Surprisingly enough, the concept of interactivity which plays the central role in modern digital applications has received little serious attention in the field of human-computer interface design. Most often, what is hiding under the label 'interactive' is no more interactive than an ordinary light switch. The reason for this is that the concept of interaction has a very broad meaning, ranging from the physical coupling of two objects to highly complex social interactions of humans. The interactivity level that is easily achievable with current digital technology falls somewhere in the middle, between the two extremes. It can be described as interplay of human actions with environment (computer) reactions. In this case, it is the reactive potential of an environment that defines the interactivity level (Kirsh 1997). However, in order for the digital applications to be truly useable, they should at least be able to support interactivity levels comparable to those of humans during structured activities such as tutoring or collaborative work.

According to Kirsh, human interactions involve a:

  • certain level of co-operation between parties
  • certain level of co-ordination of actions
  • certain level of control over interacting parties, who can be influenced by ones' actions
  • certain level of (tacit) negotiation between the parties as to who is going to do what and when.

Human interaction is also characterized by frequent interruptions, and sometimes dramatic, shifts in direction.

figure 2

Fig 2: Norman's "decision cycle model"

Currently, the most widely accepted description of human-computer interaction is the 'decision cycle model' proposed by Donald Norman (Norman, 1988). It is based on the assumption that the users interacting with an application have fairly clear goals of the desired interaction outcome.
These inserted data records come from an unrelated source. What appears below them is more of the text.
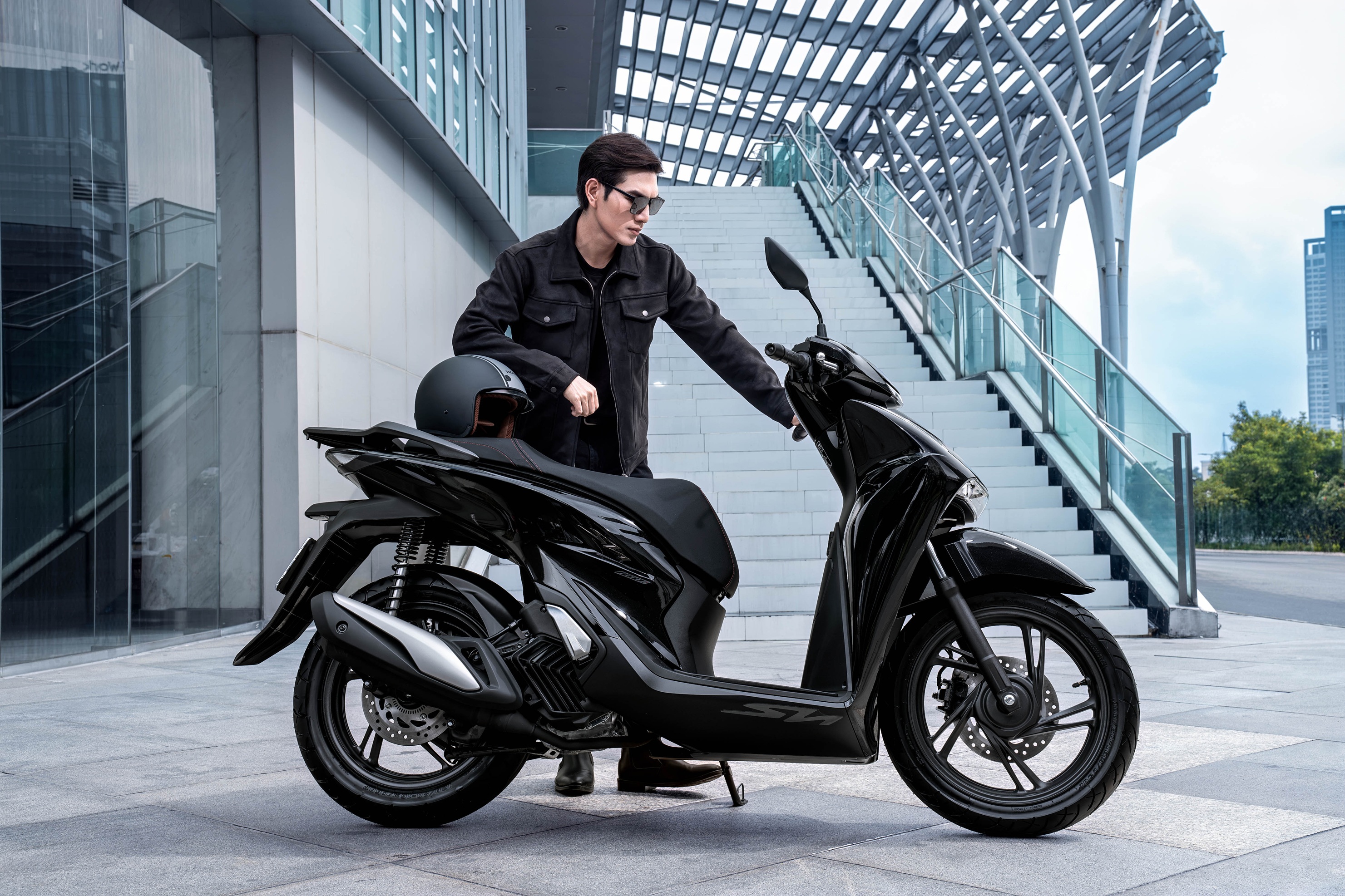 Honda SH (7).jpg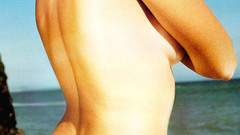 Blondes woman topless Melissa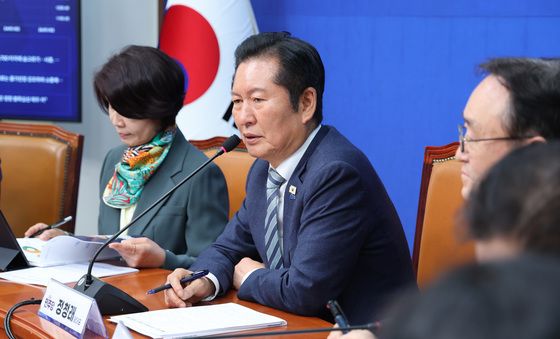 정책과제 전달식 인사말하는 정청래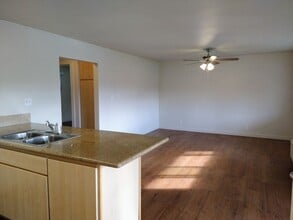 610-616 Iris Dr in Redding, CA - Building Photo - Building Photo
The model proposes the following feedback loop: the user starts with a goal to achieve, translates this goal into intention to use certain actions to achieve the desired goal, and finally creates a list of the necessary operations (a plan) to execute the actions. Once the plan is executed, its effect on the environment is perceived, interpreted and compared to the initial goal. The cycle is repeated until the goal is reached, at which point the new goal is selected.

Kirsh criticizes Norman's model on the basis that goals need not be fully formed in a user's mind (Kirsh 1997). This is especially true for children's interactions with an environment. Children tend to 'discover' their goals based on active exploration of the environment. In the same article, Kirsh also points out another facet of interaction which is left unaccounted for by the 'decision cycle model' - the fact that we are actively contributing to the building of an environment in a manner consistent with our (long-term) desires and goals. For example, in order to remind myself to mail my bills, I always put them on the kitchen table that I have to pass by on my way out of the house. Although putting the envelopes on the kitchen table is not the same as mailing them, this preparatory activity creates a change in the environment that helps me decide to undertake the right activity (that is, formulate the 'right' goal) in the future. Thus, Kirsh (1997) suggests the incorporation of the following new forms of action and new forms of interactivity into the decision cycle model:

  • preparation
  • maintenance, and
  • complementary actions

Preparation is an act of the active modification of environmental characteristics which facilitates the carrying out of subsequent activities or the reaching of certain goals. Preparation plays an important role for creative activities, including those where the end result is not known at the beginning of the activity. It is a known strategy of writers, painters and creative individuals in general to 'prime' themselves for the creative process by actively creating or seeking a stimulating environment. By providing external clues to the possible sequence of actions (plan) or to the components of a complex assembly (like preparing all of the ingredients for a recipe before cooking), preparatory activities have the effect of reducing cognitive complexity and mental effort in interactions with an environment. Thus, in designing digital environments for children, it is extremely important to provide support for diverse preparatory activities which, on the surface, may have little to do with the final interaction outcome. Digital environments have the advantage of having the potential to record and, if need arises, instantaneously reproduce the preparatory operations for certain activities.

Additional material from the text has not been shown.